The Two Questions That Tell You If a Candidate Can Operate AI

The whole AI assessment collapses to two questions. Can they build with it? Almost everyone passes. Can they direct it, catch it when it is confidently wrong, and override it? That one sorts the room.

13 min read

To find out whether a candidate can operate AI, you need two questions, not a quiz. First: can they build with it? Second: can they direct it, catch it when it is confidently wrong, and override it? Almost everyone passes the first now. The second sorts the room in about four minutes. If your interview is doing anything more elaborate than this, it is doing less.

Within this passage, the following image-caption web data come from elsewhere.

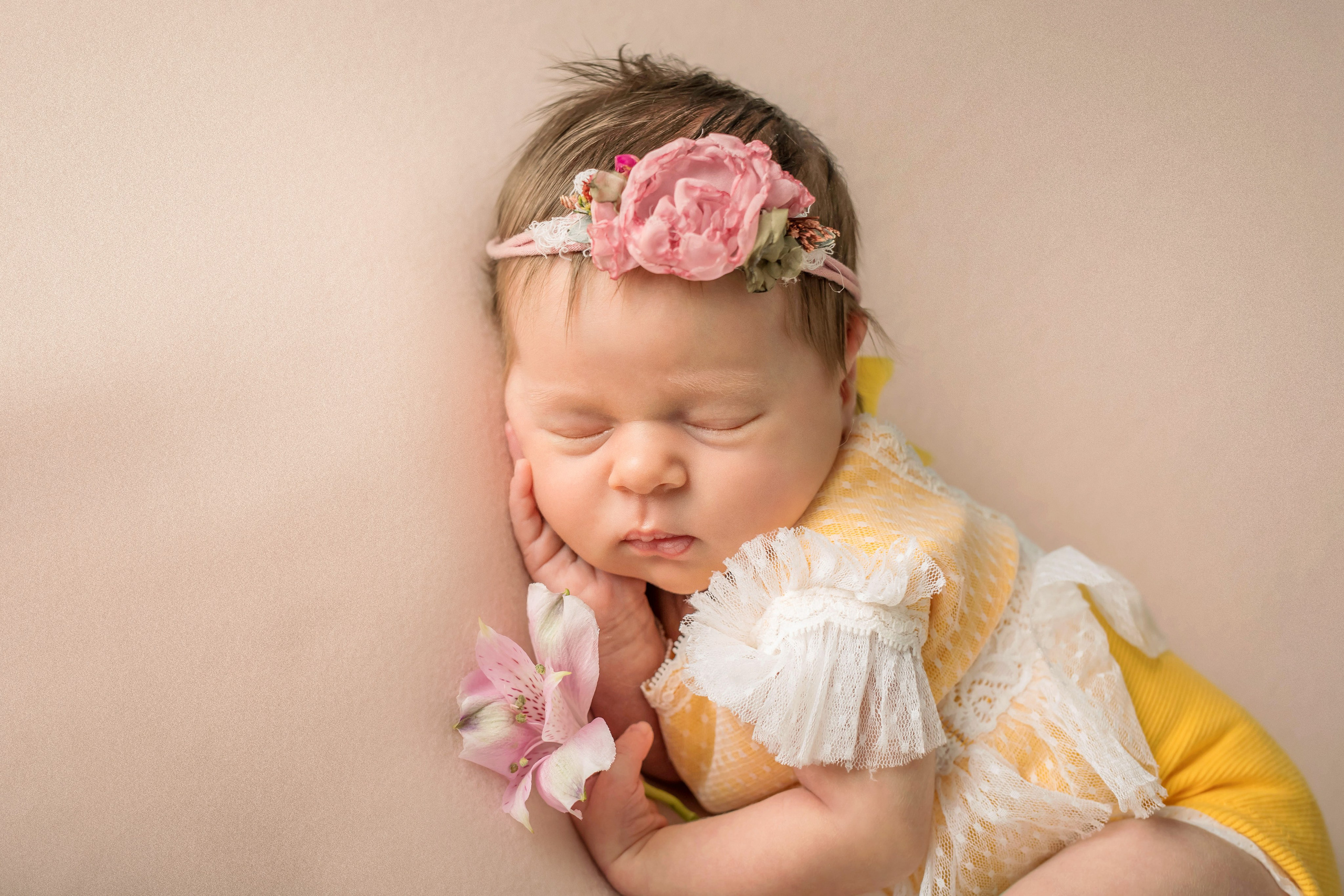 НОВОРОЖДЕННЫЕ. Фотограф новорожденных г. Тула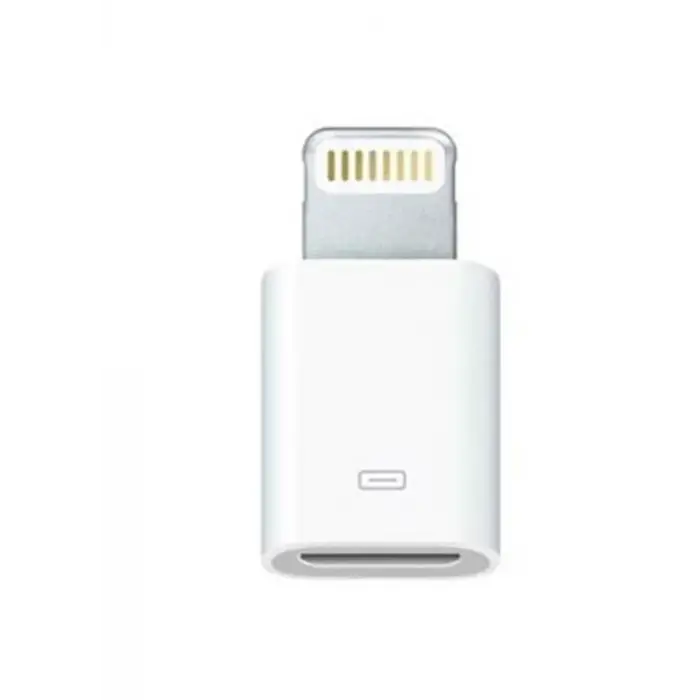 Hytech HY-MCIP10 Beyaz Micro 5 Pin to Lightning Çevirici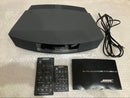 Bose Cd, Md Cassette Decks Wave Music System Awrccb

Operating AI sits on two axes, and only two. One is what you can make the machine do. The other is whether you can tell it no. A candidate can be strong on the first and empty on the second, and that combination is the most dangerous hire you will see this year: fast, confident, and wrong in ways that only surface on your P&L three weeks later. Everything you want to know about a candidate's AI capability lives in the distance between those two questions. Ask the two that carry the signal, and learn to read the answers.

The short version:

  • The assessment reduces to two questions. Can they build with it? is the Fluency check. Can they direct it? is the Direction check. Fluency is table stakes now. Direction is the hire.
  • You ask the build question as a demo or a story of something they made, not a tool-naming exercise. Almost every candidate clears this. Treat a pass as the floor, not the finish line.
  • You ask the direct question as a story of a time the machine was confidently wrong and they caught it. Then you read how they tell it: what felt off, what they checked, what they rebuilt, against a story that is really about how fast they shipped.
  • The reason this works is that Direction can't be pre-cooked. Wharton researchers found people followed the AI's wrong answer around 80% of the time, growing more confident as accuracy fell. Most candidates have never once argued with the machine and won. The ones who have will tell you a very specific story.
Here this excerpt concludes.